Еще в 1938-м Павел писал и про сорок пятый год, и про мальчишек, чуть-чуть не дошедших до Берлина – павших на Шпрее.


Мальчишки в старых пиджаках,

Мальчишки в довоенных валенках,

Оглохшие от грома труб,

Восторженные, злые, маленькие,

Простуженные на ветру.

Когда-нибудь в пятидесятых

Художники от мук сопреют,

Пока они изобразят их,

Погибших возле речки Шпрее…


Откуда же за восемь лет до штурма Берлина Коган взял Шпрее? Надеялся, как и многие, что врага удастся быстро отбросить и вести войну на чужой территории? Вряд ли. Коган был не по годам дотошен во всем, в том числе и в изучении вероятного противника, прекрасно владел немецким.

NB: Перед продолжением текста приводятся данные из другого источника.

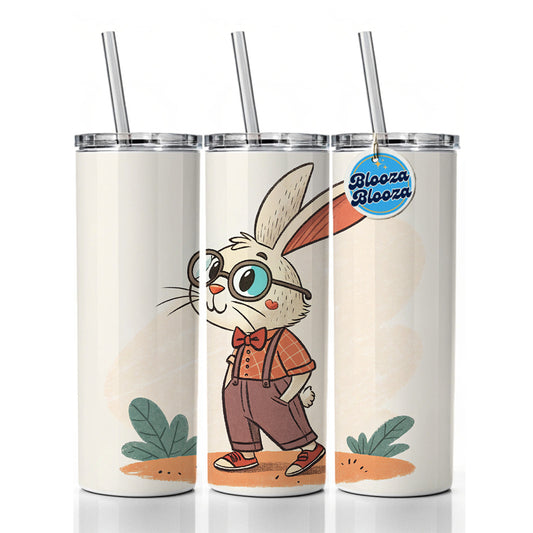 Rabbit Wearing Glasses Nerdy Cute Easter Skinny Tumbler 20oz with Straw Insulated Water Bottle Gift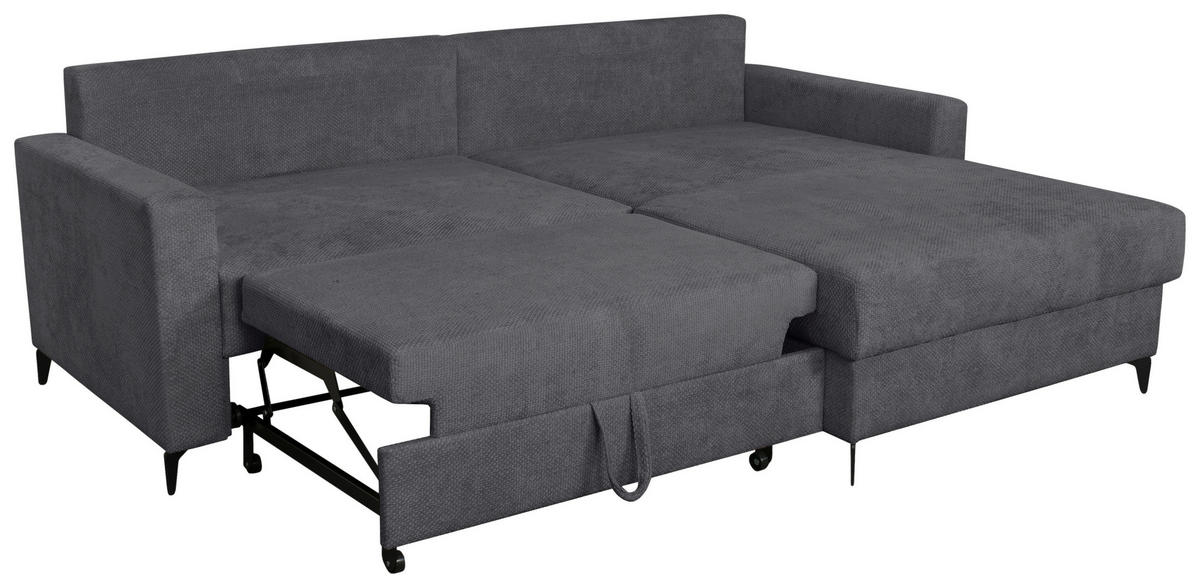 ECKSOFA Anthrazit Struktur  - Anthrazit/Schwarz, KONVENTIONELL, Textil/Metall (230/164cm) - Carryhome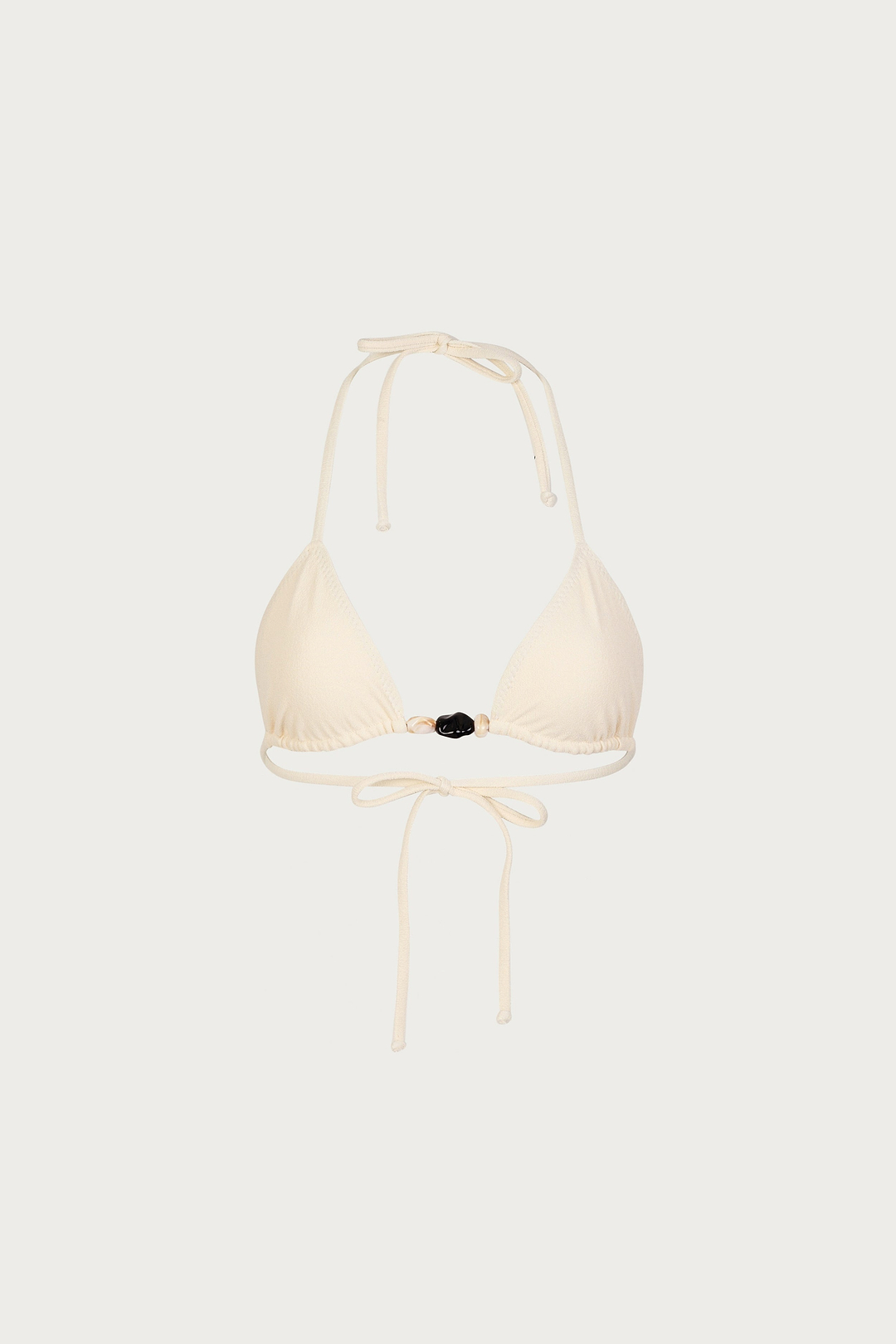 Stone Beaded Triangle Top (Faux Suede Cream)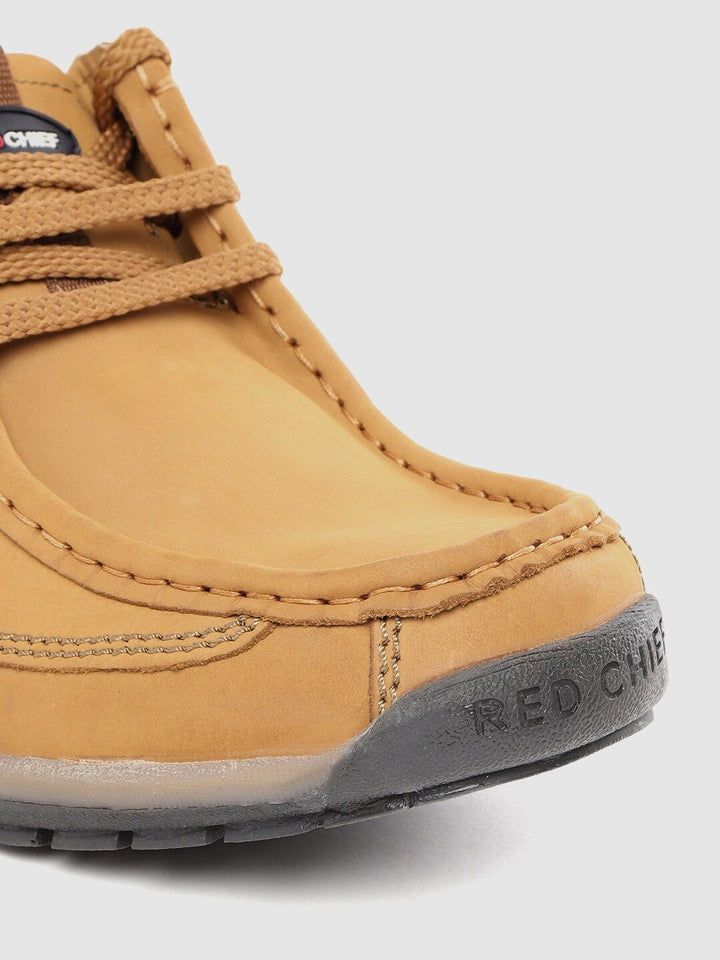 Red Chief Men Camel Brown Solid Leather Flat Boots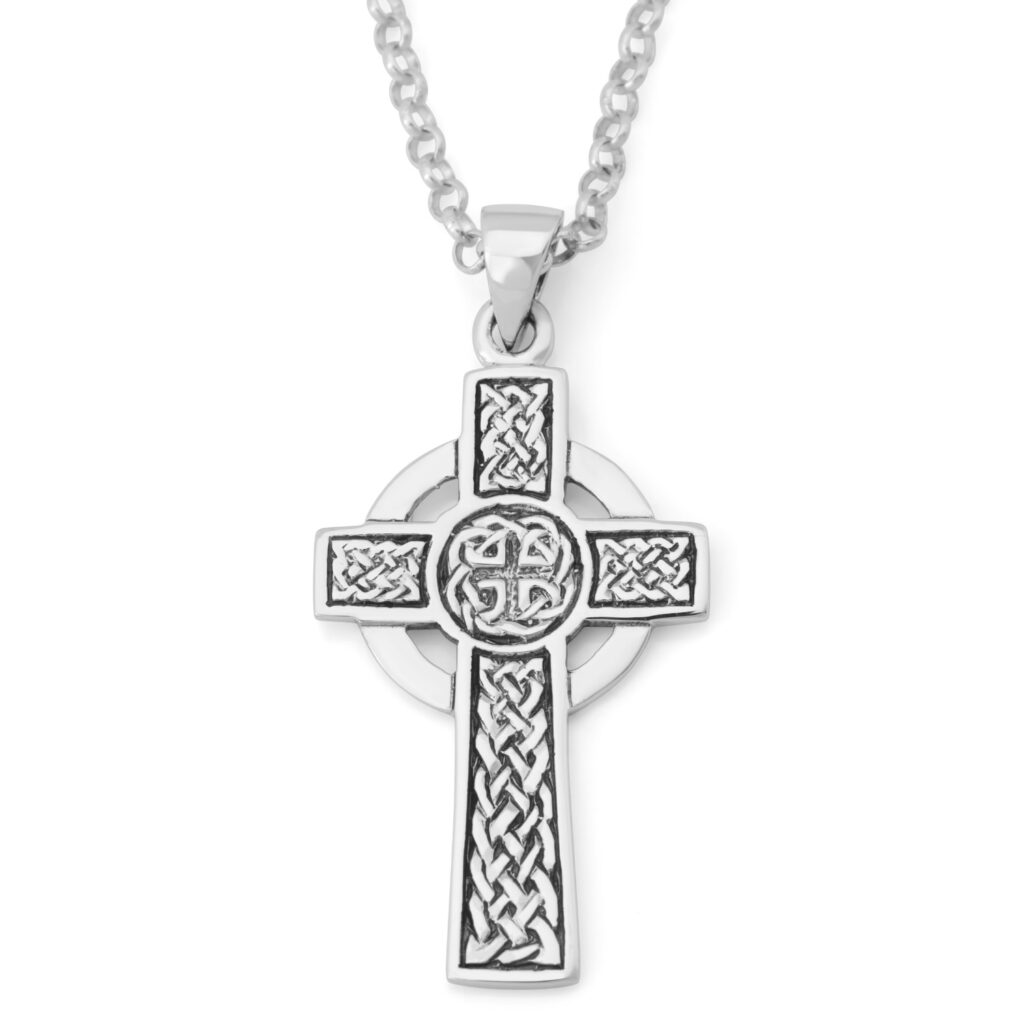 Classic Celtic Cross Necklace with Celtic Knotwork in 925 Sterling Silver - Unisex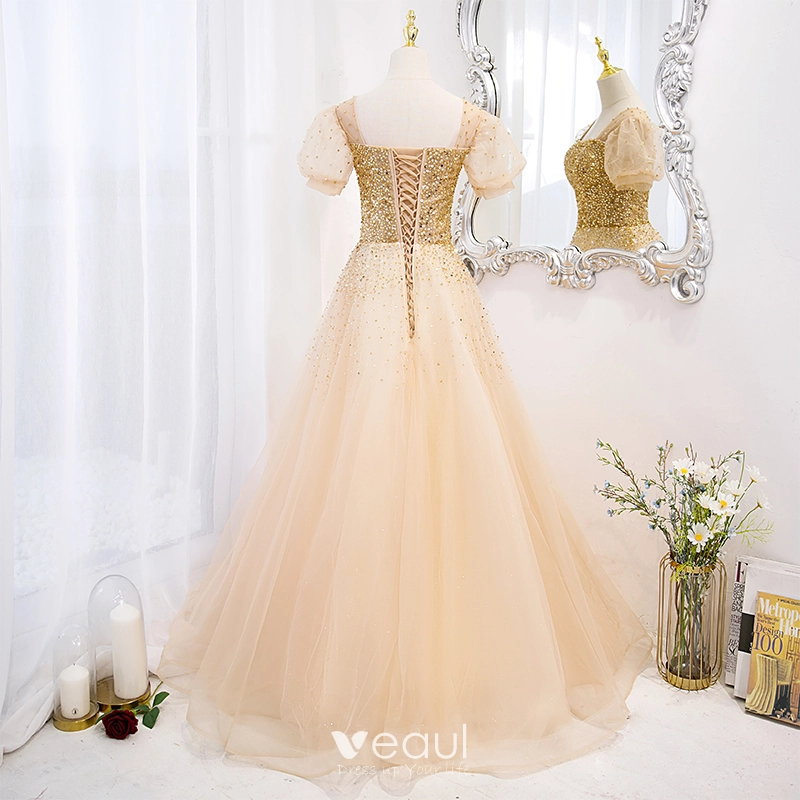slim fit dress slacks Gold Sweetheart Beaded Sparkles Court Train Flowers Prom Dresses main image 0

Война застала Павла в Армении, где он работал в геологической экспедиции. В армию его не взяли из-за плохого зрения. Вернувшись в Москву, Коган поступил на ускоренные курсы военных переводчиков и, закончив их, в январе 1942 года ушел на фронт добровольцем. Он был направлен инструктором по работе среди войск противника, но сразу же попросил зачислить его в полковую разведку. Позднее он стал помощником начальника штаба стрелкового полка по разведке.

Из военного дневника Давида Самойлова:

«Красноуральск. 16 июня 1943. Лежание в госпитале начинает меня раздражать… Пишет Сергей [Наровчатов]: „Гибель Павла потеря непоправимая, но тем прочнее мы должны держаться вместе…“

Вспоминается Павка. Весь угловатый, худощавый. Темные прямые волосы свисают над умным лбом. Лицо узкое с резкими чертами. Роста он среднего. Фигура жилистая, когтистая, мальчишеская.

Не могу рассказать день за днем историю нашей дружбы. Мало помню подлинных Павкиных слов. Голос помню. Громкий, резковатый, срывающийся на высоких нотах; всегда спорящий, негодующий. Любил петь, но слуха был лишен. И когда пел, то казалось странным – так громко, энергично и убежденно он пел.

 

Это все – помню. А слова, поступки, разговоры – только отрывками. Потому что жили вместе.

Он первый часто угадывал трепетанье новых идей и новых чувств. Другие подхватывали. Формулировали для себя. Потом забывали, кто первый это придумал. Да это было не важно. Каждый вносил свое. Результат был общий, наш. Никто не настаивал на авторстве.

Поэтому, наверное, так мало запомнилось фраз, выражений. Но в том, чем мы теперь живем, очень много Павкиного.

Был он резкий, несговорчивый, упрямый, нетерпимый. В споре мог обидеть, рассориться. Потом, конечно, жалел. Но без спора жить не мог. Любил быть первым, вожаком, предводителем. И многие перед ним благоговели. Он мог создать себе кружок, где его чтили бы как бога. Он этого не сделал. Он предпочел дружбу равных.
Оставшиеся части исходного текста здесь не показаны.